## [TASK STATEMENT]
Output, without alteration, the first line of the entries and each line after it, stopping with the line that contains "Bild Halbschuh CP".

## [INFORMATION SHOWN]
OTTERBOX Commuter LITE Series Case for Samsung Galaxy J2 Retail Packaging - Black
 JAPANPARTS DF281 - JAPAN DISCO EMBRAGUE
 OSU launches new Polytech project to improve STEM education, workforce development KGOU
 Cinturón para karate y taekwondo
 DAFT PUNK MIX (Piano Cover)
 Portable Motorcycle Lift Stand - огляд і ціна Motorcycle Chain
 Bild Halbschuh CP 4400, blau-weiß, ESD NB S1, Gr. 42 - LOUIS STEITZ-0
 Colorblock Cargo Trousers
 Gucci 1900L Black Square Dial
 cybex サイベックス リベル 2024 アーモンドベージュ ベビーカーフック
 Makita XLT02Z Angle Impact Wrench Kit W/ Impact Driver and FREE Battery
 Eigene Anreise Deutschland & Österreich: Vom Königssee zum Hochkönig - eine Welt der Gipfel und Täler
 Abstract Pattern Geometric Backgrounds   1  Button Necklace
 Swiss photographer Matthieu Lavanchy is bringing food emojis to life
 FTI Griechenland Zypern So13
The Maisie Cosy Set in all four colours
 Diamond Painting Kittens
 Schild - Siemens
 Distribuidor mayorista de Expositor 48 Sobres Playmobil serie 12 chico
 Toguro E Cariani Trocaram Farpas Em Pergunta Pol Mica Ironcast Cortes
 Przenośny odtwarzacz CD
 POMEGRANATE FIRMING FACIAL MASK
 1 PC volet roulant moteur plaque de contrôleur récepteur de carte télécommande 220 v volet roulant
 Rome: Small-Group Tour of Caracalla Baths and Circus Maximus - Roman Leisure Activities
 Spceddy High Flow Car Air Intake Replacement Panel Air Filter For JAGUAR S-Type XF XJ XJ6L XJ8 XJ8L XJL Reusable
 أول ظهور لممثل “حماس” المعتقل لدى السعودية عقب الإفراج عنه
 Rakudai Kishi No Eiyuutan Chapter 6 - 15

## [TASK RESULT]
OTTERBOX Commuter LITE Series Case for Samsung Galaxy J2 Retail Packaging - Black
 JAPANPARTS DF281 - JAPAN DISCO EMBRAGUE
 OSU launches new Polytech project to improve STEM education, workforce development KGOU
 Cinturón para karate y taekwondo
 DAFT PUNK MIX (Piano Cover)
 Portable Motorcycle Lift Stand - огляд і ціна Motorcycle Chain
 Bild Halbschuh CP 4400, blau-weiß, ESD NB S1, Gr. 42 - LOUIS STEITZ-0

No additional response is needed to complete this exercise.